### GOAL OF THE EXERCISE
Print out the data that follows exactly, character for character, apart from the pictures.

### SUPPLIED MATERIAL
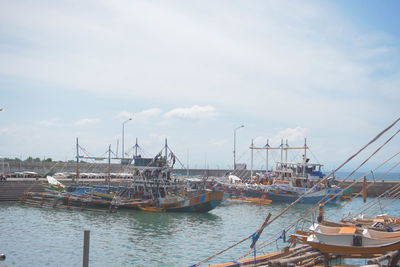 Fishing boats in harbor
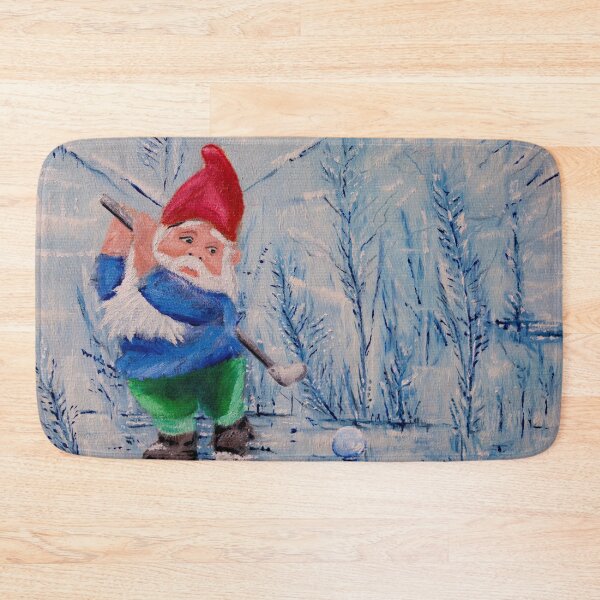 Artikelvorschau, Lustiger Gnom, der Golf im Schnee spielt entworfen und verkauft von JollyGnomes.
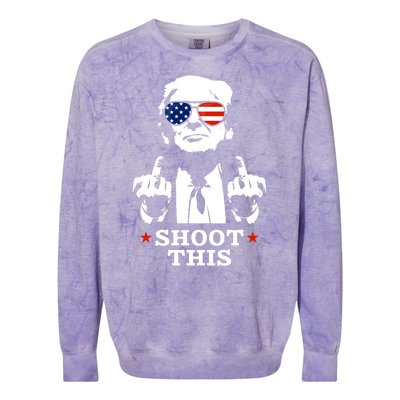 Shoot This Donald Trump You Missed Colorblast Crewneck Sweatshirt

### SOLUTION BELOW
 Fishing boats in harbor
 Artikelvorschau, Lustiger Gnom, der Golf im Schnee spielt entworfen und verkauft von JollyGnomes.
 Shoot This Donald Trump You Missed Colorblast Crewneck Sweatshirt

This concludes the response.